## EXERCISE
Reprint all records below exactly. No images.

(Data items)
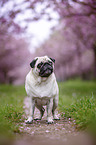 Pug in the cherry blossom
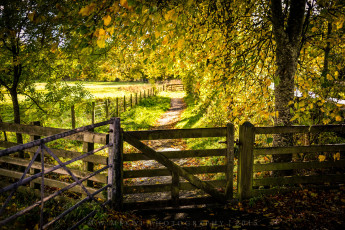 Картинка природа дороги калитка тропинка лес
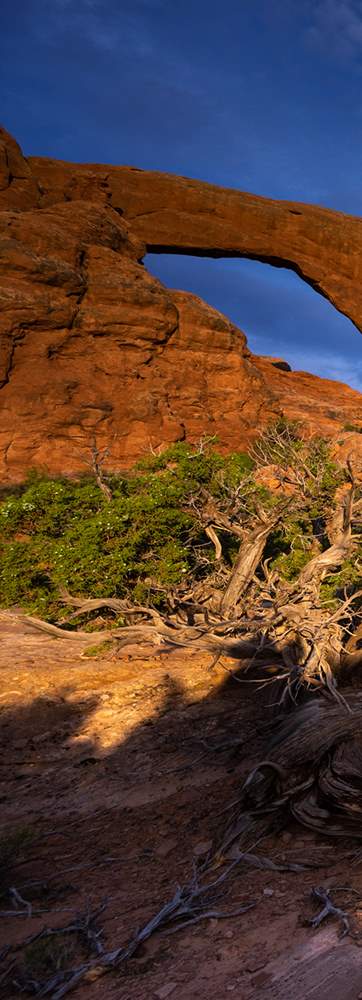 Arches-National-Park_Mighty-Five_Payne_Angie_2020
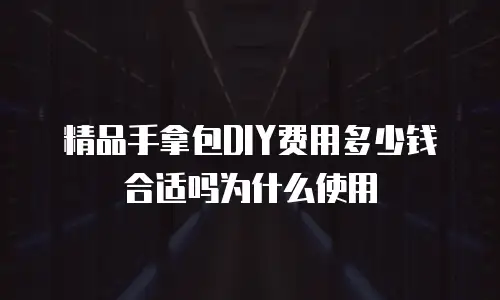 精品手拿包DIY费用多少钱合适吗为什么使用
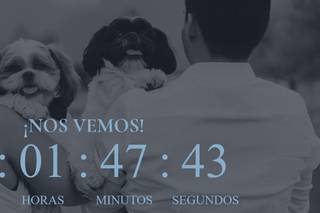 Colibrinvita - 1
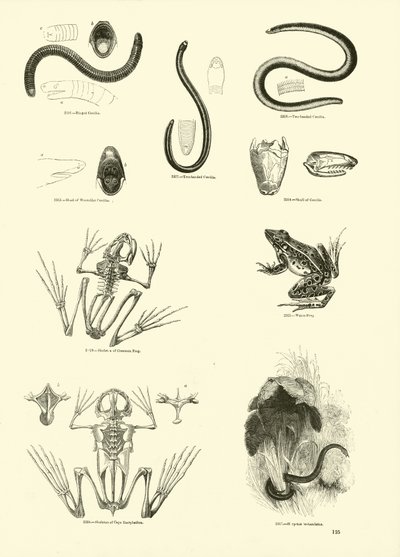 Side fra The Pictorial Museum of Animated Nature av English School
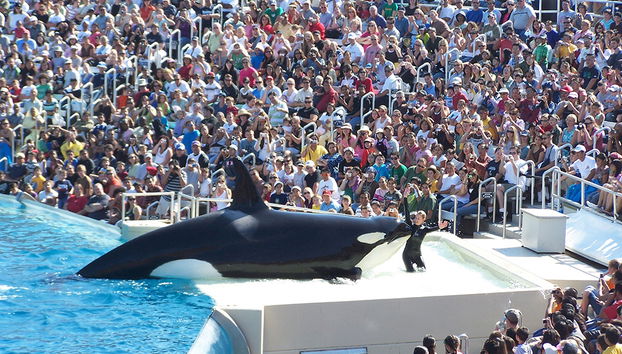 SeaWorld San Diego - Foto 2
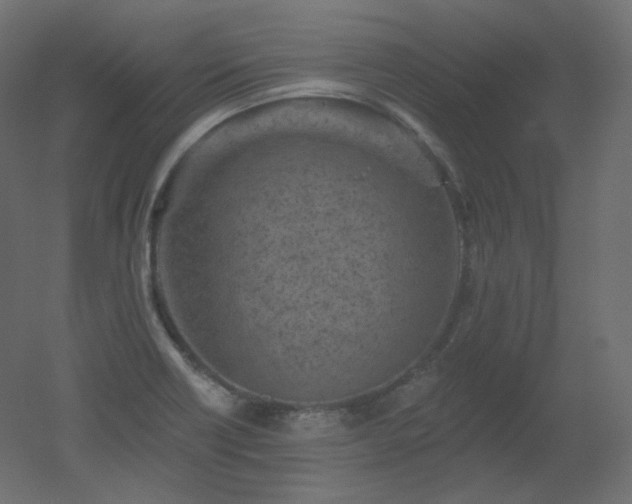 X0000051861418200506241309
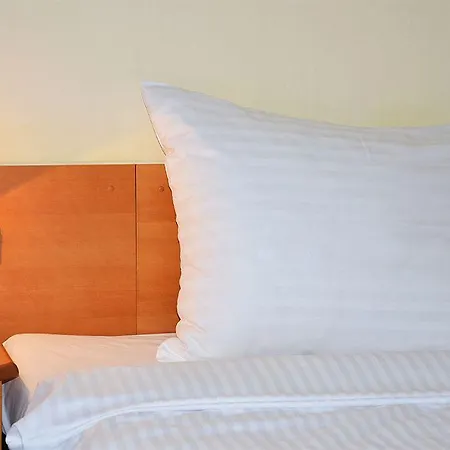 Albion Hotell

## ANSWER BELOW
 Pug in the cherry blossom
 Картинка природа дороги калитка тропинка лес
 Arches-National-Park_Mighty-Five_Payne_Angie_2020
 精品手拿包DIY费用多少钱合适吗为什么使用
 Colibrinvita - 1
 Side fra The Pictorial Museum of Animated Nature av English School
 SeaWorld San Diego - Foto 2
 X0000051861418200506241309
 Albion Hotell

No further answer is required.